Session 4 — Dagster local orchestration (ADR-015, ADR-016)

Added

  • core/orchestration/dagster/ — new top-level package modelling the medallion as a software-defined Dagster asset graph. Third execution surface alongside the core.surfaces.cli.pipeline CLI and the (upcoming) Fabric notebooks; reuses the pure transforms verbatim — zero duplicate logic.
  • assets.py: bronze_fhir (cohort-partitioned inventory) → silver_tables @multi_asset (parse-once → 10 distinct Silver asset nodes, MERGE-upsert via platform.write_silver) → gold_encounter_summary (unpartitioned aggregate that also co-writes the corpus manifest via platform.write_gold_manifest).
  • checks.py: factory-built @asset_check per Silver table wrapping validate_table() — stays in lockstep with SILVER_TABLES.
  • partitions.py: cohort DynamicPartitionsDefinition — per-cohort materialization + backfill replaces the rm -rf full rebuild.
  • resources.py: PlatformResource(ConfigurableResource) delegates to get_platform(LAKEHOUSE_PLATFORM) — Dagster runs honour the platform env var the way the CLI does.

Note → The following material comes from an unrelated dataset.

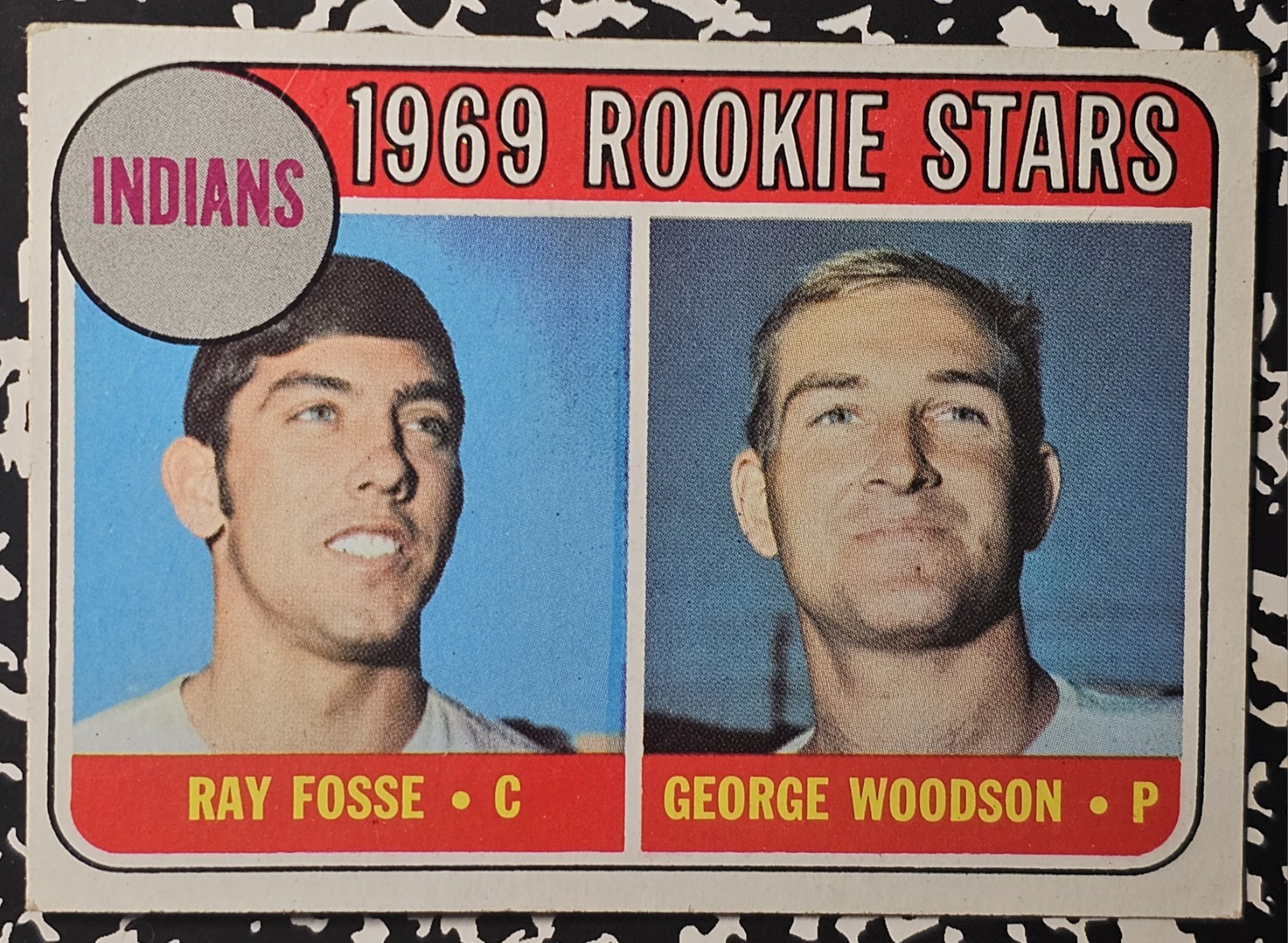 1969 Topps #244 Indians' Rookie Stars Fosse / Woodson Free USA Shipping 1969 Topps #244 Indians' Rookie Stars Fosse / Woodson Free USA Shipping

Single persistence authority (ADR-002/009/016) — no IOManager.
  • sensors.py: bronze_cohort_sensor (default STOPPED) — Dagster analogue of the Auto Loader streaming-sim (spec §5.2); diffs cohort_labels() against the dynamic partition set and emits RunRequests + build_add_request in one tick. Target is bronze_fhir + the 10 Silver asset keys (sourced from SILVER_TABLES via SENSOR_TARGET_KEYS), so each new cohort materializes Bronze and all 10 Silver tables in a single Dagster run — demoable end-to-end cohort flow. Gold stays out of the sensor target (unpartitioned aggregate; rebuilt manually).
  • definitions.py: thin top-level Definitions(...).
  • tests/test_dagster_defs.py (6 tests): Definitions load + every asset/check/sensor present, Silver assets carry the bronze_fhir lineage edge, sensor target = Bronze + 10 Silver and excludes Gold (asserted both against SENSOR_TARGET_KEYS and Dagster's resolved selection), Bronze+Silver materialize writes all 10 Silver Delta tables on the fixture, Bronze metadata records file count, Gold materialize writes the table + the corpus manifest. Guarded by pytest.importorskip("dagster") so [dev]-only installs collect cleanly. 122 tests.
  • ADR-015: adopt Dagster for local orchestration; sequence Dagster → Fabric so the asset graph documents the DAG the Fabric notebooks mirror. Local-only — Fabric still orchestrates via Data Factory.
  • ADR-016: medallion = software-defined asset graph; @multi_asset for Silver (parse-once
  • 10-node render); platform-persisted (not IOManager) preserves single authority; Bronze + Silver cohort-partitioned, Gold unpartitioned.
  • [tool.dagster] module_name=orchestration.definitions in pyproject.tomldagster dev loads the medallion graph; UI on http://localhost:3000.

Changed

  • pyproject.toml: new optional [orchestration] extra (dagster>=1.8,<2.0, dagster-webserver>=1.8,<2.0); orchestration* added to setuptools.packages.find. Kept out of [dev] to keep CI minimal — install with pip install -e ".[local,dev,orchestration]".
  • .claude/rules/transforms.md: banned dagster / orchestration imports from core/transforms/ (orchestration imports transforms, never the reverse — mirrors the Spark/notebook isolation rule).
  • .gitignore: dagster_home/, .tmp_dagster_home*/, .dagster/ so dagster dev local state never lands in git.
  • docs/roadmap/scribe-iq-lakehouse-spec.md §9: renumbered — Session 4 = Dagster, Session 5 = Fabric, Session 6 = CI/docs.
  • docs/roadmap/MASTER_PLAN.md: post-weekend update note explaining the Dagster→Fabric sequence and the rationale (permanent artifact independent of the expiring Fabric trial).
  • docs/adr/README.md: ADR 015/016 added to index.

Contract impact

  • None — orchestration layer only; gold.encounter_summary stays v1.1.0.

Session 3 — Documentation refresh (README + Runbook)

Added

  • docs/RUNBOOK.md: operational runbook — prerequisites/config, first full run, ingest (FHIR + DICOM/CSV), build procedures (full / gold-only / single-cohort / clean rebuild), build verification (delta-rs + DuckDB snippets), doc regeneration, and a troubleshooting table (the clean-slate MERGE gotcha, missing cohorts, DICOM placeholders, etc.).

Changed

  • README.md: rewrote the Session-1 stub into a full overview — accurate counts (1,278 patients, 116 tests), correct install (pip install -e ".[local,dev]"), an Operations command table, data-products/contract section, current layout, and a documentation map.
  • docs/ARCHITECTURE.md, docs/BENCHMARKS.md: corrected stale figures (corpus contract v1.0.0 → v1.1.0; Gold build ~5s → ~6.5s) and linked the runbook.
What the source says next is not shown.